Les administrateurs de La Financière agricole du Québec, qui nient l’existence même d’une grave crise chez les producteurs de porcs, de boeufs, d’agneaux et de petites céréales, refusent de venir témoigner en commission parlementaire malgré le fait qu’ils aient été convoqués trois fois.
De plus, La Financière tarde toujours à rendre disponible aux parlementaires l’ensemble des documents exigés depuis juin par la commission.
« Depuis 2003, nous avons l’impression que les libéraux dénaturent le mandat de La Financière qui est de protéger les revenus en vue de favoriser la réussite et la pérennité des entreprises agricoles québécoises. Ce faisant, les libéraux ferment les yeux sur la crise qui sévit dans le milieu agricole et sur les centaines de fermetures de petites et moyennes fermes québécoises. C’est désolant et il est grand temps que ça change », a continué le porte-parole de l’opposition officielle en matière d’agriculture et d’alimentation et député de Kamouraska-Témiscouata, André Simard.
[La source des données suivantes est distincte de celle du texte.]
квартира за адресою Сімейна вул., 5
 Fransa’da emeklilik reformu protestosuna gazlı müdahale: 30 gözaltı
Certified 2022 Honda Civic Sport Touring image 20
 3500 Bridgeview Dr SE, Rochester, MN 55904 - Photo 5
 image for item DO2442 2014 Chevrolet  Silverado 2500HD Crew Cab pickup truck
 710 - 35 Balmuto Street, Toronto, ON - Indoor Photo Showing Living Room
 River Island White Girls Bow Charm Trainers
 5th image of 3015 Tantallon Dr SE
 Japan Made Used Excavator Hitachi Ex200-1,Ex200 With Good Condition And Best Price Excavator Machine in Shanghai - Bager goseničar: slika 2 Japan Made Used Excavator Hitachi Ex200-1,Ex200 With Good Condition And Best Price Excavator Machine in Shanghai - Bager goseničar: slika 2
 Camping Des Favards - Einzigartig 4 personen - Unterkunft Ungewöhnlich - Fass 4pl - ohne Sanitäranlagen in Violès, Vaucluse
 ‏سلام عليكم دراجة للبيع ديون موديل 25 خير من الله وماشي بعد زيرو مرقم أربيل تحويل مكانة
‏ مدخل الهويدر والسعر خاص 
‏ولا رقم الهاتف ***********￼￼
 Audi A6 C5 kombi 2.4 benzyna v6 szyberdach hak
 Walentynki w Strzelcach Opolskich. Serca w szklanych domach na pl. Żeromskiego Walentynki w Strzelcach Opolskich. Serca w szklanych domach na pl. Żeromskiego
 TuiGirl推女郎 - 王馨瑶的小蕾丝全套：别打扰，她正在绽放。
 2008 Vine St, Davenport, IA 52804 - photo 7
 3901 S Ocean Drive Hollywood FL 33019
« En niant l’existence de la crise et en refusant de se présenter en commission parlementaire, La Financière agricole manque de respect envers les agriculteurs québécois et envers les parlementaires », a déploré André Simard.
« Les administrateurs de La Financière n’auront maintenant d’autres choix que de venir témoigner et de fournir les documents exigés par la commission. Des solutions doivent être trouvées et mises en place rapidement pour le bien de l’agriculture québécoise », a conclu le député de Kamouraska-Témiscouata.